WHAT IS EXPECTED ▸ Repeat each line of the material below without change.

SUPPLIED INFORMATION ▸
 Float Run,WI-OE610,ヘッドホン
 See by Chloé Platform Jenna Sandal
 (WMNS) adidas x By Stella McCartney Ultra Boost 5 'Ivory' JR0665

FINAL ANSWER ▸
 Float Run,WI-OE610,ヘッドホン
 See by Chloé Platform Jenna Sandal
 (WMNS) adidas x By Stella McCartney Ultra Boost 5 'Ivory' JR0665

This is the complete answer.